After this proof of the viciousness of the argument commonly employed in maintaining cosmological assertions, both parties may now be justly dismissed, as advancing claims without grounds or title. But the process has not been ended by convincing them that one or both were in the wrong and had maintained an assertion which was without valid grounds of proof. Nothing seems to be clearer than that, if one maintains: "The world has a beginning," and another: "The world has no beginning," one of the two must be right. But it is likewise clear that, if the evidence on both sides is equal, it is impossible to discover on what side the truth lies; and the controversy continues, although the parties have been recommended to peace before the tribunal of reason. There remains, then, no other means of settling the question than to convince the parties, who refute each other with such conclusiveness and ability, that they are disputing about nothing, and that a transcendental illusion has been mocking them with visions of reality where there is none. The mode of adjusting a dispute which cannot be decided upon its own merits, we shall now proceed to lay before our readers.

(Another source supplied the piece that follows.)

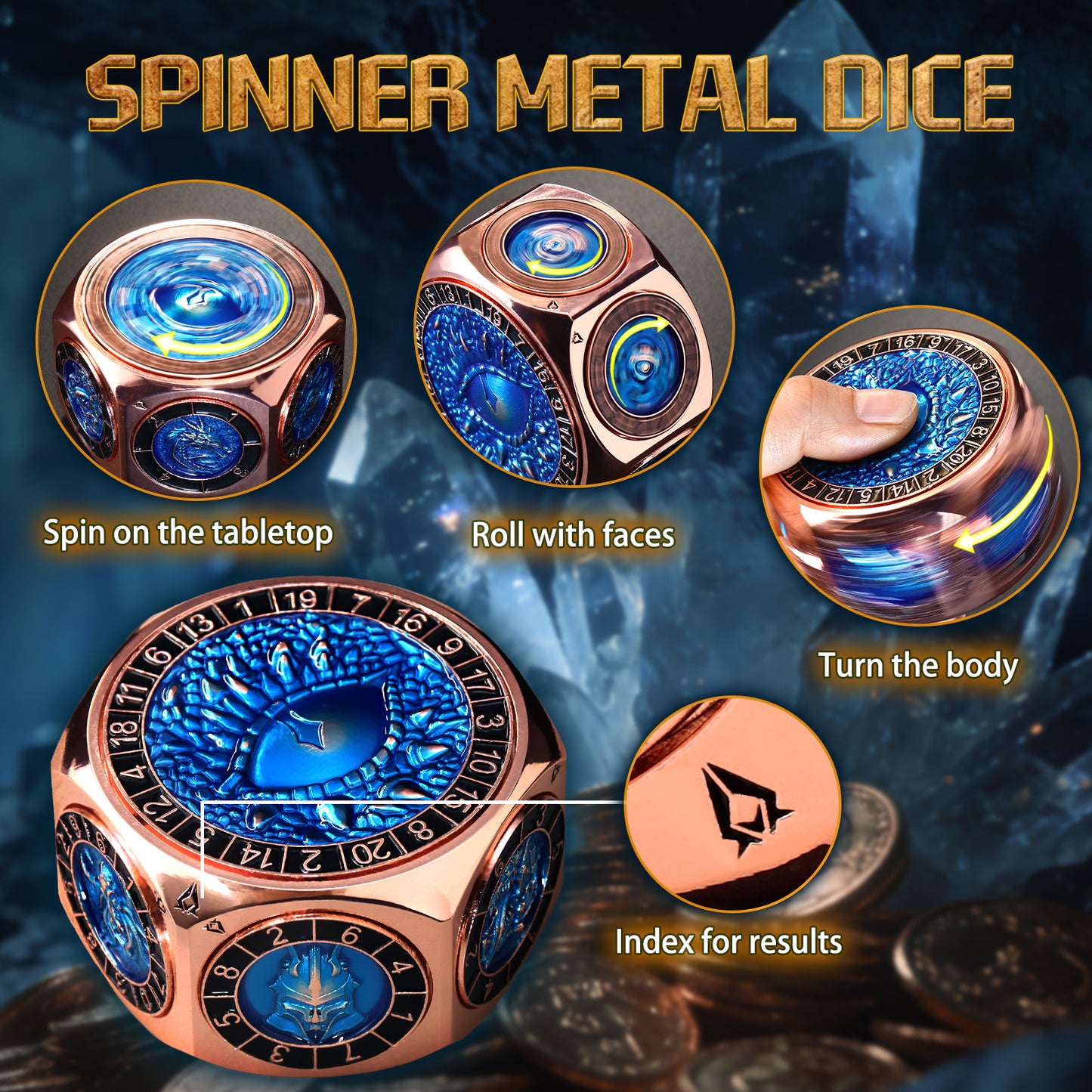 ZHOORQI 8-in-1 Metal DND Dice Set with 3D Monster Engravings(Copper Blue)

Zeno of Elea, a subtle dialectician, was severely reprimanded by Plato as a sophist, who, merely from the base motive of exhibiting his skill in discussion, maintained and subverted the same proposition by arguments as powerful and convincing on the one side as on the other. He maintained, for example, that God (who was probably nothing more, in his view, than the world) is neither finite nor infinite, neither in motion nor in rest, neither similar nor dissimilar to any other thing. It seemed to those philosophers who criticized his mode of discussion that his purpose was to deny completely both of two self-contradictory propositions- which is absurd. But I cannot believe that there is any justice in this accusation. The first of these propositions I shall presently consider in a more detailed manner. With regard to the others, if by the word of God he understood merely the Universe, his meaning must have been- that it cannot be permanently present in one place- that is, at rest- nor be capable of changing its place- that is, of moving- because all places are in the universe, and the universe itself is, therefore, in no place. Again, if the universe contains in itself everything that exists, it cannot be similar or dissimilar to any other thing, because there is, in fact, no other thing with which it can be compared. If two opposite judgements presuppose a contingent impossible, or arbitrary condition, both- in spite of their opposition (which is, however, not properly or really a contradiction)- fall away; because the condition, which ensured the validity of both, has itself disappeared.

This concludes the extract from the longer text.